The <typedef> in the example creates a <thread> type. That is just a bit of fun which I'll use in an example later. It does show the typedefing of a type from outside the ant library however.

<taskdef> is pretty obvious. It identifies a taskname with a class from the library. The import task, which I have not yet implemented will allow this name to be aliased - something like

<import libid="ant.file" task="echo" alias="antecho"/>

Tasks are not made available automatically. The build file must state which tasks it wants to use using an <import> task. This is similar to Java's import statement. Similarly classes whose ids start with "ant." are fully imported at the start of execution.

Mutant Configuration

When mutant starts execution, it reads in a config file. Actually it attempts to read two files, one from $ANT_HOME/conf/antconfig.xml and another from $HOME/.ant/antconfig.xml. Others could be added even specified in the command line. These config files are used to provide two things - libpaths and task dirs.

Taskdirs are locations to search for additional ant libraries. As people bundle Ant tasks and types with their products, it will not be practical to bundle all this into ANT_HOME/lib. These additional dirs are scanned for ant libraries. All .zip/.jar/.tsk files which contain the META-INF/antlib.xml file will be processed.

Sometimes, of course, the tasks and the libraries upon which they depend are not produced by the same people. It is not feasible to go in and edit manifests to connect the ant library with its required support jars, so the libpath element in the config file is used to specify additional paths to be added to a library's classloader. An example config would be
<antconfig>
  <libpath libid="ant.file" path="fubar"/>
  <libpath libid="ant.file" url="http://fubar"/>
</antconfig>
Obviously other information can be added to the config - standard property values, compiler prefs, etc. I haven't done that yet. User level config override system level configs.

So, when a ant library creates a classloader, it will take a number of URLS. One is the task library itself, the XML parser classes if requested, the tools.jar if requested, and any additional libraries specified in the <antconfig>. The parent loader is the common loader from the initconfig. unless this library is an extending library.

Mutant Execution

Execution of a build is provided by the core through two key classes. One if the ExecutionManager and the other is the ExecutionFrame. An execution frame is created for each project in the project model hierarchy. It represents the execution state of the project - data values, imported tasks, typedefs, taskdefs, etc.

The ExecutionManager begins by reading configs, searching for ant libraries, configuring and appending any additional paths, etc. It then creates a root ExecutionFrame which represents the root project. when a build is commenced, the project model is validated and then passed to the ExecutionFrame.

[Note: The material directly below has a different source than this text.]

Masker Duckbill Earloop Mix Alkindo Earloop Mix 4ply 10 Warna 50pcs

the ExecutionFrame is the main execution class. When it is created it imports all ant libraries with ids that start with ant.*. All others are available but must be explicitly imported with <import> tasks. When the project is passed in, ExecutionFrames are created for any referenced projects. This builds an ExecutionFrame hierarchy which parallels the project hierarchy. Each <ref> uses a name to identify the referenced project. All property and target references use these reference names to identify the particular frame that hold the data. As an example, look at this build file
<project default="test" basedir=".." doc:Hello="true">

  <ref project="test.ant" name="reftest"/>

  <target name="test" depends="reftest:test2">
    <echo message="hello"/>
  </target>

</project>
Notice the depends reference to the test2 target in the test.ant project file. I am still using the ":" as a separator for refs. It doesn't collide with XML namespaces so that should be OK.

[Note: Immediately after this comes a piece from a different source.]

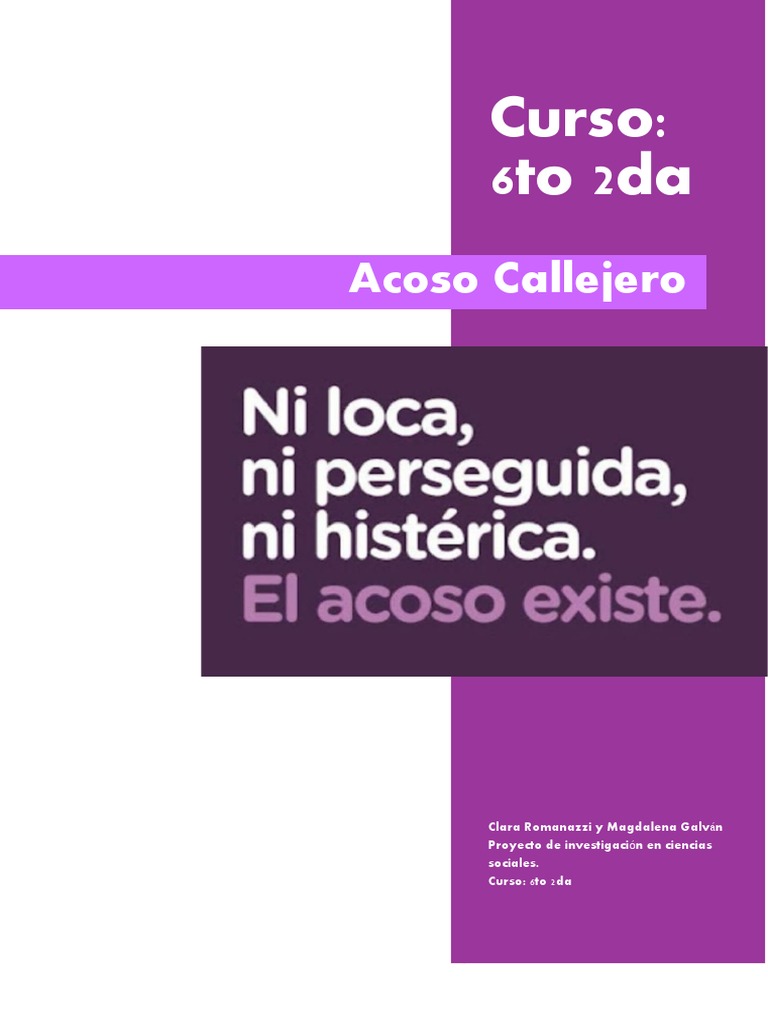 Acoso Callejero en La Plata: Estudio y Definición | PDF | Acoso sexual ...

Execution proceeds by determining the targets in the various frames which need to be executed. The appropriate frame is requested to execute the target's tasks and type instances. The imports for the frame are consulted to determine what is the approrpiate library and class from that library. A classloader is fetched, the class is instantiated, introspected and then configured from the corresponding part of the project model. Ant 1.x's IntrospectionHelper has been split into two - the ClassIntrospector and the Reflector. When the task is being configured, the context classloader is set. Similarly it is set when the task is being executed. Types are handled similarly. When a type in instantiated or a task executed, and they support the appropriate interface, they will be passed a context through which they can access the services of the core. Currently the context is an interface although I have wondered if an abstract class may be better to handle expansion of the services available over time.

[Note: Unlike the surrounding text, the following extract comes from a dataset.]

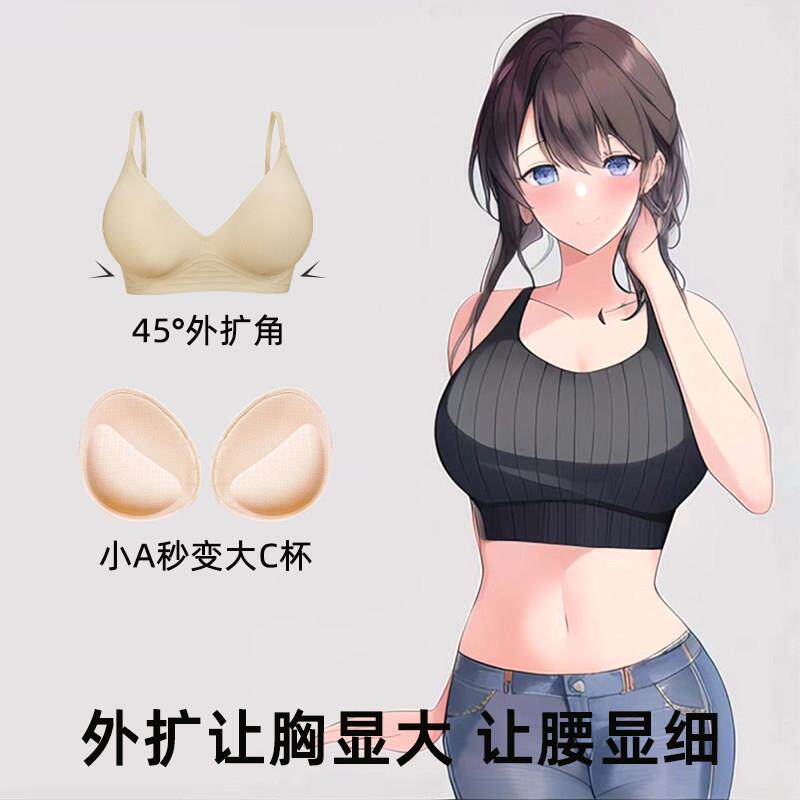 漫画 画胸外扩内衣女小胸聚拢显大加厚胸罩软支撑辣妹文胸无钢圈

Introspection and Polymorphism

Introspection is not a lot different from Ant 1.x. After some thought I have dropped the createXXX method to allow for polymorphic type support, discussed below. setXXX methods, coupled with an approriate string to type converter are used for attributes. addXXX methods are used for nested elements. All of the value setting has been moved to a Reflector object. Object creation for addXXX methods is no longer provided in the reflector class, just the storage of the value. This allows support for add methods defined in terms of interfaces. For example, the hacked Echo task I am using has this definition
    /**
     * testing
     *
     * @param runnable testing
     */
    public void addRun(Runnable runnable) {
        log("Adding runnable of type "
             + runnable.getClass().getName(), MessageLevel.MSG_WARN);
    }
So when mutant encounteres a nested element it does the following checks

Is the value specified by reference?

<run ant:refid="test"/>

Is it specified by as a polymorphic type?

<run ant:type="thread"/>

or is it just a normal run o' the mill nested element, which is instantiated by a zero arg constructor.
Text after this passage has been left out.